### [Your task]
The data below holds a line containing "3D брошка със" and a line containing "Blusa Lino Negro Leidiro"; please quote exactly those two lines and every line between them, and nothing else.

====== Provided records ======

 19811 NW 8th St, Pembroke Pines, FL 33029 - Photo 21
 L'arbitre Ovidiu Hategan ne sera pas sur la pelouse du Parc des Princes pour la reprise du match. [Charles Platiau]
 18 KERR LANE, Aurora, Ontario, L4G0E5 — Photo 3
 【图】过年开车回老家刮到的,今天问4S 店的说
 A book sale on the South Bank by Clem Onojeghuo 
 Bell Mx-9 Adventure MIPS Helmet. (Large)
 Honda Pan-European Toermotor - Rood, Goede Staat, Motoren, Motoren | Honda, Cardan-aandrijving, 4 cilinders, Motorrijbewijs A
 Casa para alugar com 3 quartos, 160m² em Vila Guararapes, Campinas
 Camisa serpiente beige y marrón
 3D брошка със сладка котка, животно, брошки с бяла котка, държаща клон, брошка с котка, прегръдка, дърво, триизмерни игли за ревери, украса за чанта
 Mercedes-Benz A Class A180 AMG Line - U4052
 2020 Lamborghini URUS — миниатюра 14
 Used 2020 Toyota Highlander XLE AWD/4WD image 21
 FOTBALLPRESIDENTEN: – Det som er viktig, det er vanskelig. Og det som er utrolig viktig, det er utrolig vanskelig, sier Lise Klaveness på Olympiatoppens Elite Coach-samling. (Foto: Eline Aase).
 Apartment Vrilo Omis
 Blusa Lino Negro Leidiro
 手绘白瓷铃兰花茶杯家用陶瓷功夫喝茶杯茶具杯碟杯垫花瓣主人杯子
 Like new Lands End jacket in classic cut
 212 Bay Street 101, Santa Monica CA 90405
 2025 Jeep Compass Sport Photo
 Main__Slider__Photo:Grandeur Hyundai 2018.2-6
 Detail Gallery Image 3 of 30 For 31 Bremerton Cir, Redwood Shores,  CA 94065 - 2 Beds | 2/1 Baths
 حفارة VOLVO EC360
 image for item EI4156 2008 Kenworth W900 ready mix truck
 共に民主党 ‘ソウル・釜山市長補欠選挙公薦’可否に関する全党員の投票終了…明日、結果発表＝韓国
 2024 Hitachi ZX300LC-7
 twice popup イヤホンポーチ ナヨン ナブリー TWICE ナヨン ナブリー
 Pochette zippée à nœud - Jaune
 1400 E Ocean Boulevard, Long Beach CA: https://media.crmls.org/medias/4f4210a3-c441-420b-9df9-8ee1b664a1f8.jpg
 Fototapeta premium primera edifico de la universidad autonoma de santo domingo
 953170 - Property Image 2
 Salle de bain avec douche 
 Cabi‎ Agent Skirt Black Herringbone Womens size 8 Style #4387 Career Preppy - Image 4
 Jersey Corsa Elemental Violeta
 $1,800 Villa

======

### [Answer area]
 3D брошка със сладка котка, животно, брошки с бяла котка, държаща клон, брошка с котка, прегръдка, дърво, триизмерни игли за ревери, украса за чанта
 Mercedes-Benz A Class A180 AMG Line - U4052
 2020 Lamborghini URUS — миниатюра 14
 Used 2020 Toyota Highlander XLE AWD/4WD image 21
 FOTBALLPRESIDENTEN: – Det som er viktig, det er vanskelig. Og det som er utrolig viktig, det er utrolig vanskelig, sier Lise Klaveness på Olympiatoppens Elite Coach-samling. (Foto: Eline Aase).
 Apartment Vrilo Omis
 Blusa Lino Negro Leidiro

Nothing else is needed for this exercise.